DUI checkpoints catch more than drunks

OAKLAND, CA

At one DUI checkpoint in Oakland, police aren't just looking to see if drivers are drunk. They are also looking to see if the drivers have a license. On one particular night, 77 unlicensed drivers were cited; there were no drunk drivers. In most cities no license means your car will be towed and impounded.

"It's a revenue generator, there's no question," says investigative reporter Ryan Gabrielson. "We found a huge disparity in the number of DUI arrests that they are making at these sobriety of checkpoints and the number of cars they are impounding for people not having a drivers license."

Gabrielson is an investigative reporting fellow at the University of California. He looked at data from DUI and license checkpoints all over the state.

"We found that in some jurisdictions, some municipalities where they will average 60 vehicles seized at a checkpoint for every one DUI arrest," says Gabrielson.

In Oakland, most cars are held overnight, but in many other cities, state law allows the car to be held for 30 days. The car will sit at a tow lot, accruing daily impound fees, and local fines.

"These total $1,500 to $2,000 to as high as $4,000 for people to retrieve their cars," says Gabrielson.

Many people never pick them up and cities generally sell those cars at auctions providing a steady source of income.

"I think it's very important to understand that driving without a license carries a very high risk," says David Ragland.

Ragland is with SafeTREC, the Safe Transportation Research and Education Center at UC Berkeley. SafeTREC helps administer checkpoints with federal grants. Ragland says the 30-day hold actually keeps our roads safer.

"About 20 percent of all the fatalities, traffic fatalities in the Unites States, involve at least one driver without a valid license," says Ragland.

Still, there are those who say, targeting unlicensed drivers unfairly singles out poor and undocumented immigrants.

One man at the checkpoint said he had a license, but it was expired. His car was towed. He told ABC7 he believes police came to the prominently Latino Fruitvale District in Oakland because they know many immigrants don't have licenses.

Oakland police deny they are targeting anyone, they say checkpoints are random, and they're just enforcing the law.

"I find that offensive and I think we should stop that immediately," says Sen. Gilbert Cedillo, (D) Los Angeles.

Cedillo believes that law needs to be changed. He says undocumented immigrants should be allowed to get drivers licenses.

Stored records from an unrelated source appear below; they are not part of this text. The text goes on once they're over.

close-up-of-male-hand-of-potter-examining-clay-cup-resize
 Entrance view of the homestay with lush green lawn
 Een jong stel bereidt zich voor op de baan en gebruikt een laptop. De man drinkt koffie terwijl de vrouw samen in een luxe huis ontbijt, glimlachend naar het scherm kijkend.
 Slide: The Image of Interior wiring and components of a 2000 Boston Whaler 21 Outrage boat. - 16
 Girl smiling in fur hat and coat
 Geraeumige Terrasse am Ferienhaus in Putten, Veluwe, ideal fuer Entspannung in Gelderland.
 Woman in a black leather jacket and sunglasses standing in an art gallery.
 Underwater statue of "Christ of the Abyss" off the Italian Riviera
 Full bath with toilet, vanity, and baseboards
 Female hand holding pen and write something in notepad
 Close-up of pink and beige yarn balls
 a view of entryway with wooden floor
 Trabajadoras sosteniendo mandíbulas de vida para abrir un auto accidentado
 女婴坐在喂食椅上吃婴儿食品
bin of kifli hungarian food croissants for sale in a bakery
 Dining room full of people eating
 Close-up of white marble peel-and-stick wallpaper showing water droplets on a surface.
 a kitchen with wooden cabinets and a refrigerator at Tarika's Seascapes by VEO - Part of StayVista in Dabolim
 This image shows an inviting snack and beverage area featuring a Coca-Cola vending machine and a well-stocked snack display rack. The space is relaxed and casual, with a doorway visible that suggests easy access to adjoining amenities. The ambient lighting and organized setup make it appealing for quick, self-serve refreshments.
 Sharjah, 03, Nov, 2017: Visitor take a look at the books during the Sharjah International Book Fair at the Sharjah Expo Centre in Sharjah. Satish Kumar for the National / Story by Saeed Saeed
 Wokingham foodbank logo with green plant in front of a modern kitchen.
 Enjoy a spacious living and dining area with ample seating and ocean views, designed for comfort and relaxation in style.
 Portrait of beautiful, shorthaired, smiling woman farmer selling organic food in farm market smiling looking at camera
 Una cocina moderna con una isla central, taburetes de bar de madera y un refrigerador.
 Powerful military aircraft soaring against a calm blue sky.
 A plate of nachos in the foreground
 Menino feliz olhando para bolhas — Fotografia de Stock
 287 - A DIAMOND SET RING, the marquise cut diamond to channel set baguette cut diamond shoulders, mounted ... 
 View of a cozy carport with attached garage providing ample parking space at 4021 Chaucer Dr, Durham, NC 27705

In 1993, the state legislature voted that only legal residents can get one.

"All it did do was make our highways less safe and less secure," says Cedillo.

Cedillo says allowing undocumented immigrants to get driver's licenses would educate them on the rules of the road, making them more responsible drivers.

He says DUI checkpoints have turned into money making opportunities for cash strapped cities.

"To take those dollars and then use them in a dragnet to focus on immigrant communities, to take away their vehicles is a violation of the constitution," says Cedillo.

The constitutionality of checkpoints has been challenged repeatedly since their implementation, but the United States Supreme Court has said they are constitutional.